At his post in Rochester, Joynt became a giant in the field of neurology. He is one of a handful of people who has headed both the leading societies in neurology, the American Academy of Neurology and the American Neurological Association. He also served as president of the American Board of Psychiatry and Neurology.
As a member of the Institute of Medicine, he is one of three Rochester neurologists – along with Shoulson and Robert “Berch” Griggs, M.D., current president of the American Academy of Neurology – who have been inducted into the institute in the past 20 years. For 17 years Joynt served as editor of Archives of Neurology, founded Seminars in Neurology, and is the author of the field’s major textbook, Baker and Joynt’s Clinical Neurology.
He is a fellow of the American Association for the Advancement of Science and was a member of the Board of Regents of the National Library of Medicine. He was director of the University’s original Alzheimer’s disease center and served as dean of the School of Medicine and Dentistry as well as vice president and vice provost for health affairs before returning full time to faculty work in 1994.

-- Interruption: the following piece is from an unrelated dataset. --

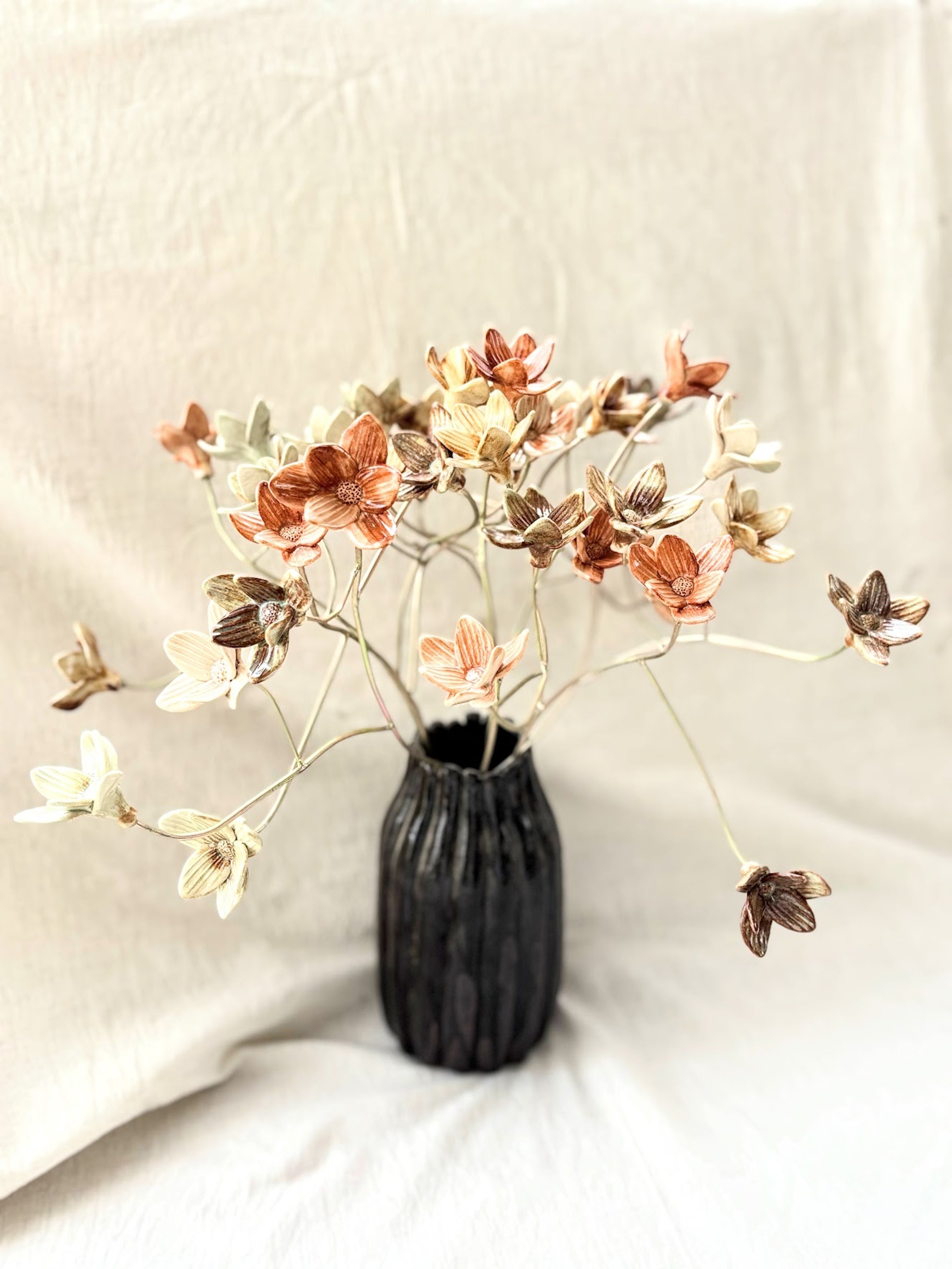Sepia Dreams - Branched 5 flower stem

In recent years Joynt has become widely recognized as an expert on presidential health. He co-edited Presidential Disability, a book devoted to the study of the 25th Amendment, which deals with succession in the event that the nation’s president becomes incapacitated. Joynt recalls with ease the health of U.S. presidents and its effects on the world. It’s likely that Franklin Roosevelt’s extremely high blood pressure played a role in the outcome of the talks in Yalta as World War II neared an end, for instance. The effects of a severe stroke on the presidency of Woodrow Wilson, the cancer surgery undergone in secret by President Grover Cleveland on the ship Oneida, the medical care afforded to President James Garfield during the two months before he died – such are the topics Joynt has examined.
Joynt is still teaching, sharing more than a half-century’s worth of wisdom with students and physicians in training. Since he founded the department, it has grown remarkably, with more than six dozen full-time neurologists today.
Colleague Richard Moxley, a muscular dystrophy expert who has worked alongside Joynt for 35 years, credits Joynt with possessing a congenial manner and comfort with people that has helped open the door to success for countless colleagues. His wit and readiness with a good joke are legendary, says Moxley, as is his genius.
“Not only is Bob extraordinarily intelligent, with a huge spectrum of knowledge about medicine, but he is also genuinely supportive,” says Moxley. “He took you and your family in, and you really felt like you were part of an extended family in Neurology. He’s an extremely supportive, caring person who really sets the gold standard for blending the support needed for people to get their job done on a day-to-day basis, with the ability to prod them and encourage them to excel even more.
“Bob once told me, ‘I’ve never found somebody that I couldn’t like.’ He always finds something positive about a person,” said Moxley. “It’s Bob’s kind of leadership and support that Rochester needs to feel special about. He created a kind of oneness that has really shaped Rochester neurology.”